Before a project starts

Project management strategy

Once an RSE is allocated to your project the project PI will ultimately be responsible for how the RSE is deployed as a resource. As such it is essential that thought is given to a strategy for project management. Having a project management process will ensure that the RSE has agreed priorities for work, is able to meet agreed deadlines and can provide feedback to the project PI on progress. The project management approach may be to include the RSE in an existing process including postdocs or it could be to adopt a new process unique to the tasks the RSE is to undertake. There are different project management approaches but the RSE can help to define a process if you do not already have one.
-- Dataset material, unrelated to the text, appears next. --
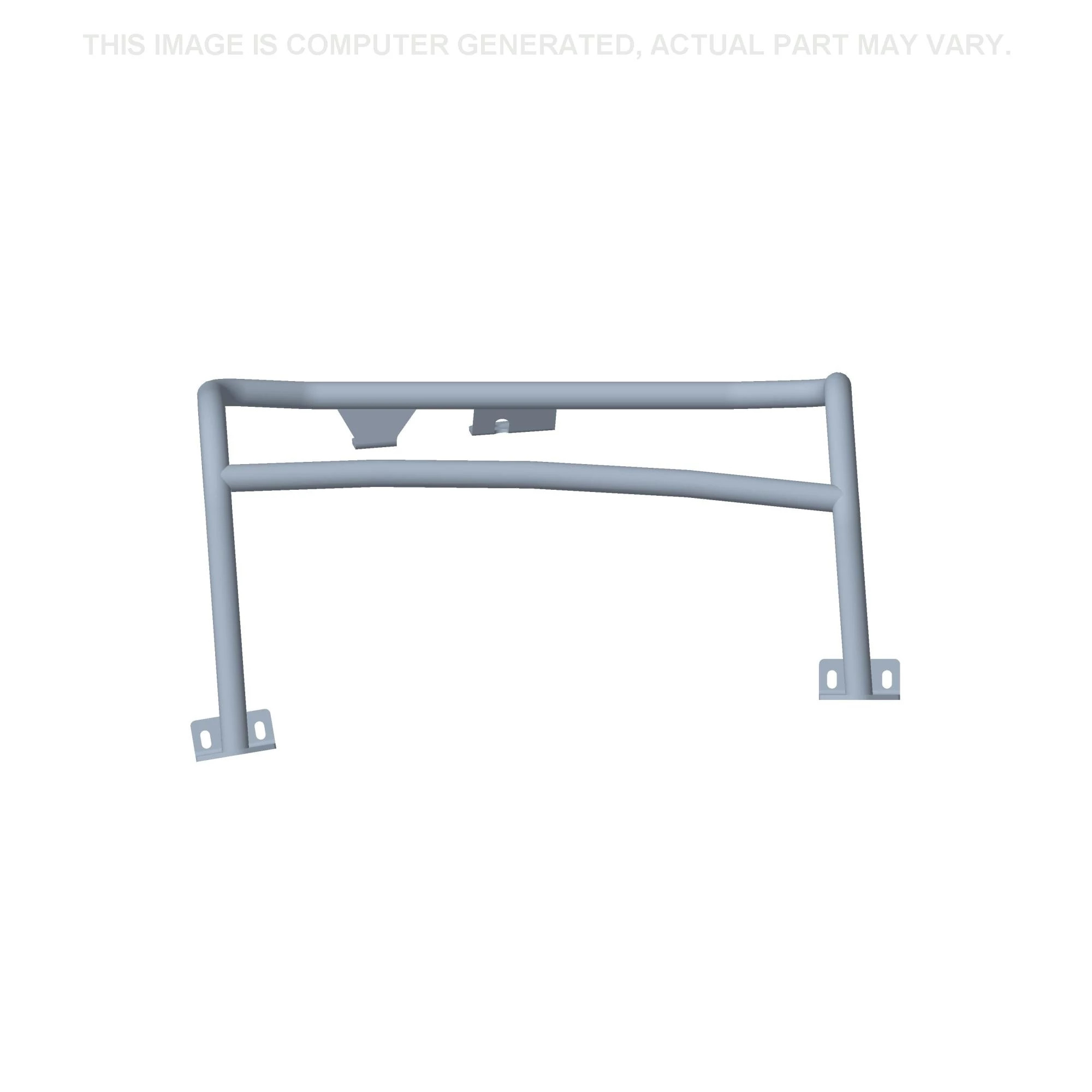 HANDRAIL | CASEIH | GB | EN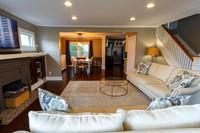 256 Wardman_8533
As a minimum you should think about and then agree on the items in the section Kick off meetings.

The RSE team has a fairly standardised process for working on code which uses GitHub projects and issues and this can be incorporated into your project management approach early on if required (see section During the Project).

Instructions for delivery of necessary materials to initiate project

Before work begins, it is likely that we will need to inspect existing materials. This may include code, example data, database schema etc.

Code

The RSE team delivers code according to best practices using a collaborative version control system (preferably GitHub, but equivalent tools such as GitLab or Bitbucket can be used for established projects). At the outset of the project initial code can be provided on a secure shared resource like Google Drive however we would expect to migrate this to version control to make any changes. The RSE team can help you to do this. If you already use version control and have a private repository, you will need to add the allocated RSE as a collaborator.

Data

Along with code, or for completely new software projects, it may also be necessary to provide data. Providing access to all data required by the project as soon as possible would ensure any software developed takes into consideration edge cases. Should your data be sensitive, ensure it is appropriately anonymised or that appropriate dummy data has been provided. A data management plan should be in place and is the responsibility of the project PI. The RSE team can assist you in completing one or advise on certain aspects.

Sensitive materials

It may be that the work will require access to sensitive materials which will require an NDA being in place. Please ensure you consider whether this will be required and take steps as soon as possible to initiate the process so as to avoid delaying the beginning of the project at this stage. As employees of the University of Sheffield, RSE team members are often covered by existing NDAs or research agreements, which are typically between the whole organisation and an external one.

Licensing

The RSE team recognises research software as a first class research output and is committed to obtaining maximum value from it via sharing. Options for licensing software should be considered at the earliest opportunity and the default position is that code should be made available under a permissive open source licence as it is developed (i.e. right now!), in keeping with the University of Sheffield Statement on Open Research.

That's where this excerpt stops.